Record excerpts.
•••••
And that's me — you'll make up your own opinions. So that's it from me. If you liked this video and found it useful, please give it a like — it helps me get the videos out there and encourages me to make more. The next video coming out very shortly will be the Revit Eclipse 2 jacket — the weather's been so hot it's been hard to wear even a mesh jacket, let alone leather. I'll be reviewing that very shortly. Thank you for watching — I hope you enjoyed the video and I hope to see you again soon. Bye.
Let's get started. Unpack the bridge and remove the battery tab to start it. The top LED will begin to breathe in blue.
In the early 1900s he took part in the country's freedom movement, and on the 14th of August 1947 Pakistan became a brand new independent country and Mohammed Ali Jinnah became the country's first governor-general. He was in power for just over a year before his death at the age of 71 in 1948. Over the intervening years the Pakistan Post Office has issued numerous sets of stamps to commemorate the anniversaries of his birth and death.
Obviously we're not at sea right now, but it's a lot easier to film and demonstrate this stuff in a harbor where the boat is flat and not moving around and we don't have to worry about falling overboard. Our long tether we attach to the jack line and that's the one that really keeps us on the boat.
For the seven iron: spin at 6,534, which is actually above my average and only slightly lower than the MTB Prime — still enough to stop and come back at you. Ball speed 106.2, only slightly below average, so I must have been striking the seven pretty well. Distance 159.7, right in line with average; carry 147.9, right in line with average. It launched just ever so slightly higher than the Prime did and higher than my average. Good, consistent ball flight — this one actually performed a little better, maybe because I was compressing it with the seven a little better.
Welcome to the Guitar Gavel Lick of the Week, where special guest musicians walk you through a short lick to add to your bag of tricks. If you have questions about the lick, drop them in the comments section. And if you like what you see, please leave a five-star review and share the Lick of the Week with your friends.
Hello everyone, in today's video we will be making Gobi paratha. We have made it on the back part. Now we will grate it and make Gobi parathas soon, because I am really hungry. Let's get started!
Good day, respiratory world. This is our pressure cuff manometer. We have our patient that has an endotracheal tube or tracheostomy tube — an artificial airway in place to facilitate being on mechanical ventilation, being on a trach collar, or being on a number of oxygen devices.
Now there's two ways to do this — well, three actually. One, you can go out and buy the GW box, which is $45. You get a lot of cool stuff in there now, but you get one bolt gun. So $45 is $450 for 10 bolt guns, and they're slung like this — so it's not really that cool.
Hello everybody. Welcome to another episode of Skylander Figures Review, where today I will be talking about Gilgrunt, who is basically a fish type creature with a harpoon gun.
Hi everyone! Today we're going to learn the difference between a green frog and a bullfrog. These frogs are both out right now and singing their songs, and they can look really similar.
•••••
About this exercise. The required output is every line above from the one with "Hello everyone, in" down to the one with "Now there's two", restated word for word, ends included.

Answer section.
Hello everyone, in today's video we will be making Gobi paratha. We have made it on the back part. Now we will grate it and make Gobi parathas soon, because I am really hungry. Let's get started!
Good day, respiratory world. This is our pressure cuff manometer. We have our patient that has an endotracheal tube or tracheostomy tube — an artificial airway in place to facilitate being on mechanical ventilation, being on a trach collar, or being on a number of oxygen devices.
Now there's two ways to do this — well, three actually. One, you can go out and buy the GW box, which is $45. You get a lot of cool stuff in there now, but you get one bolt gun. So $45 is $450 for 10 bolt guns, and they're slung like this — so it's not really that cool.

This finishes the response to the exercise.